Business Intelligence & Real Estate
The integration of technology into the modern workplace has been nothing short of an asset for executives and management teams. From security badge and space management systems that monitor our engagements with the office to cloud services that allow us to work remotely, technology gifts businesses with a unique intelligence that enables us to fully understand our workspaces. The information gathered from different monitoring systems and other key data reported by HR, finance and management departments can be used to empower companies to make more informed decisions about their real estate.
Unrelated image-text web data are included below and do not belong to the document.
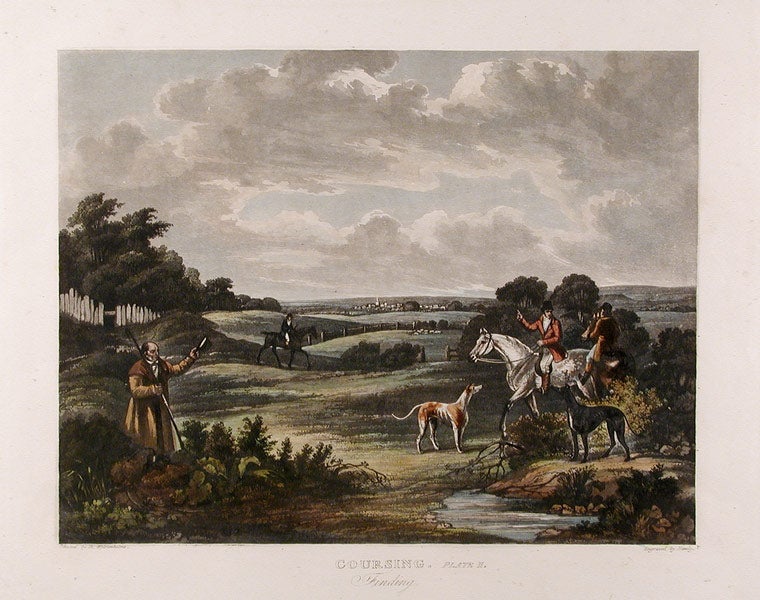 Item #15018 Coursing. Finding (Plate 2). S. after Dean WOLSTENHOLME HIMLEY.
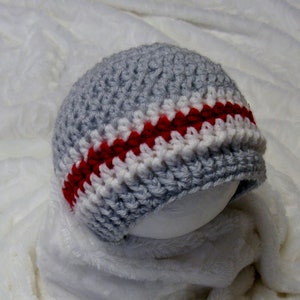 Sock Monkey Baby Hat Crochet Pattern 0-12 months Easy image 3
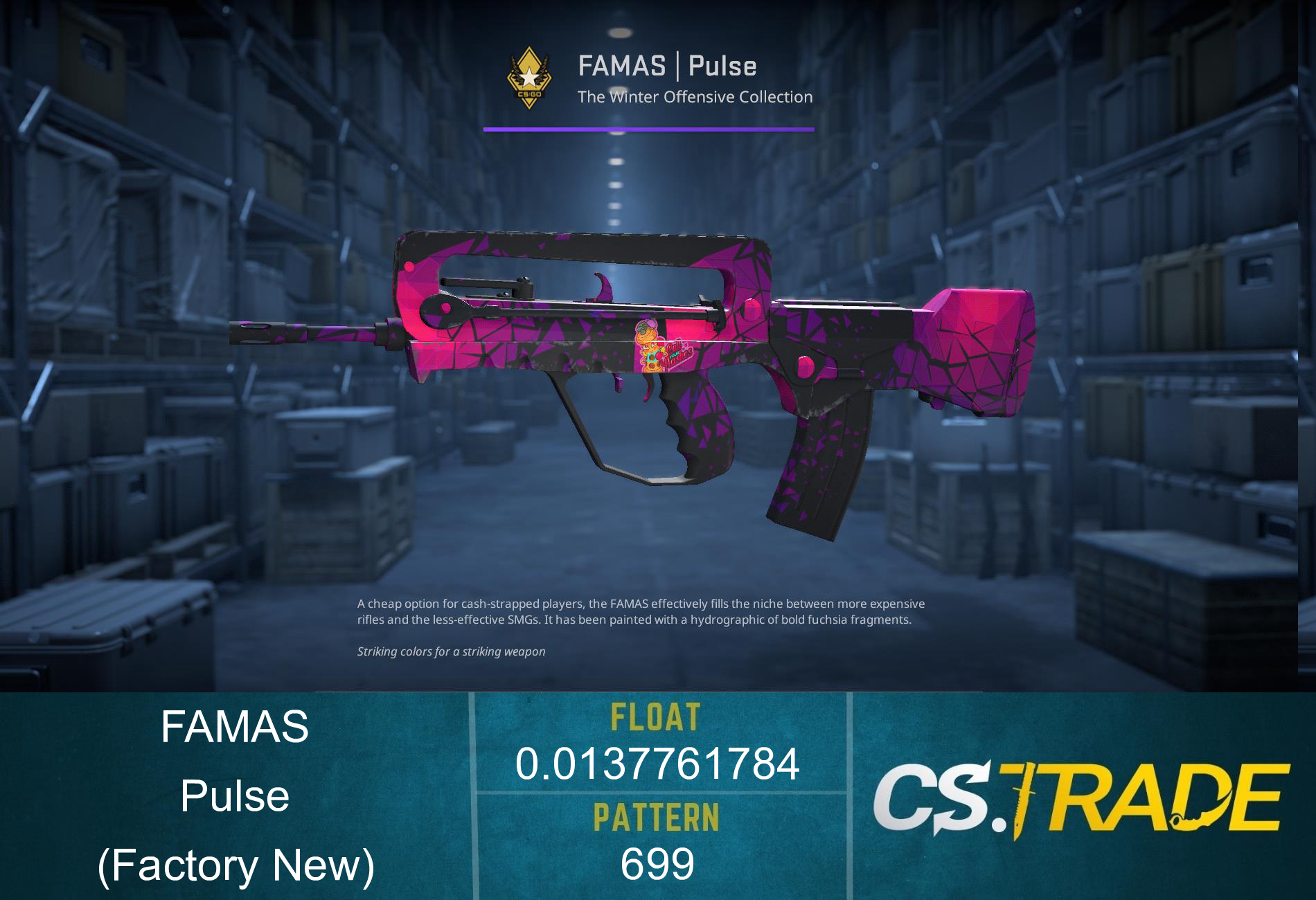 FAMAS | Pulse (Well-Worn) Screenshot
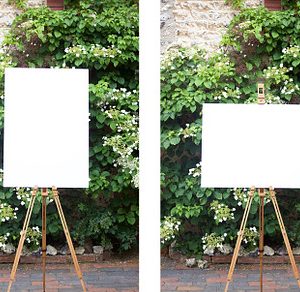A1 Easel Mockups - Greenery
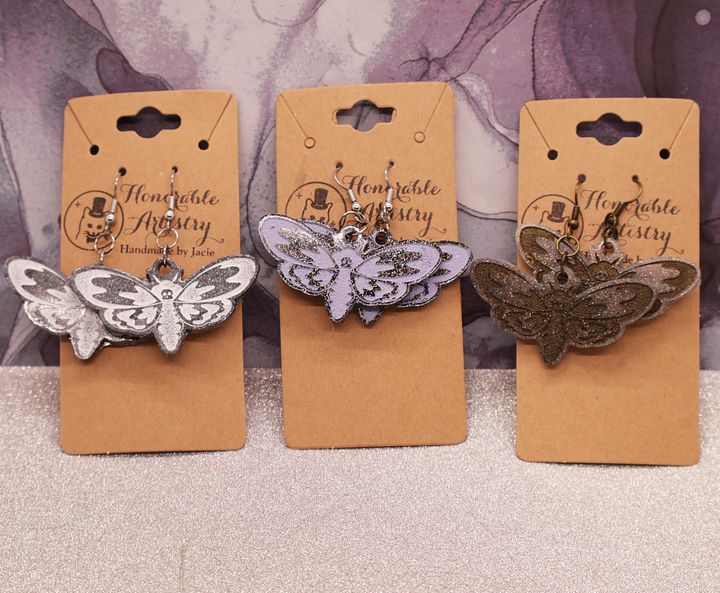 Death's-head Hawkmoth Earrings product image (1)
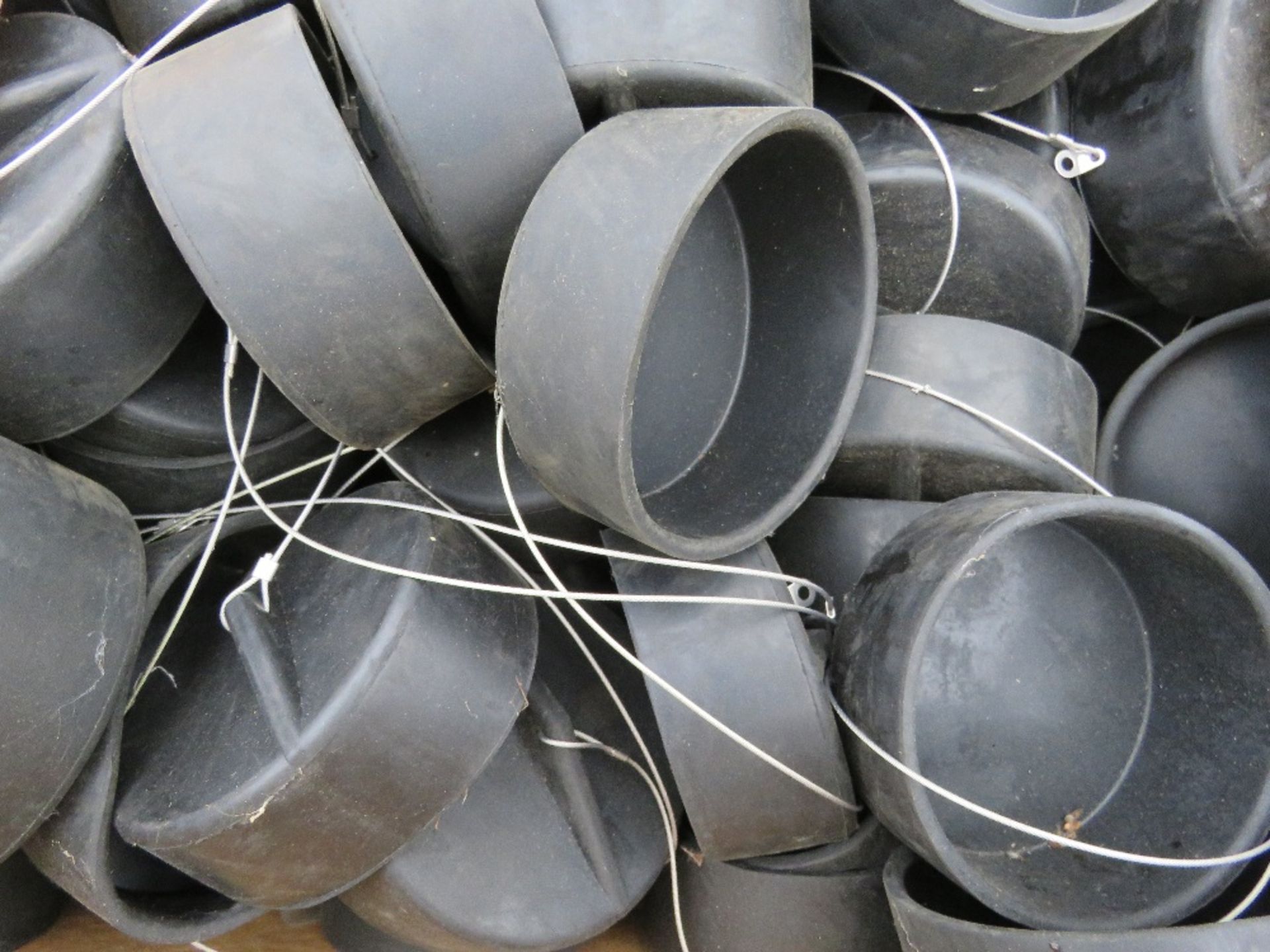 LARGE BOX OF RUBBER END PIPE CAPS, 120MM DIAMETER APPROX. NO VAT CHARGED ON THE HAMMER PRICE OF THIS - Image 2 of 2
Together in a unified platform, this information is called business intelligence.
What is business intelligence and why do companies need it?
Simply put, business intelligence is the collection of data from multiple sources—i.e. rent per square foot, space per seat, space per employee, occupancy, attendance and utilization percentage—into a singular platform that applies data analytics and visualizes insights on how and where a company can improve.
Which data systems can business intelligence tools leverage and what can they tell us?
- Financial systems: Understanding revenue generation across a real estate portfolio can help you identify how different locations are performing.
- HR systems: Benchmarking the amount of space allocated to employees can tell you where you need additional space and where you can reduce.
- Lease administration: Normalizing rent expense by space allows you to compare locations of various sizes.
- Security badge systems: Based on attendance patterns, you can identify groups of employees that may be eligible for hot-desking or remote work and which locations have under or overused space.
- Space management systems: Benchmarking the appropriate number of workstations for a space can help you save on costs.
How does BI relate to real estate?
Before the advent of BI, businesses relied heavily on spreadsheets to track the data reported by different departments. These methods are slower and make it difficult for internal departments to collaborate on data-centric projects. BI tools have the ability to blend, visualize and distribute information across a company both effectively and quickly. BI can be used, for example, to tell an executive occupancy by geography or which offices had the highest attendance rates throughout the week. This valuable insight can then be used to make informed real estate decisions. BI can help businesses understand where the company can scale back or expand in their portfolios and capitalize on other opportunities that could have impacts on business operations.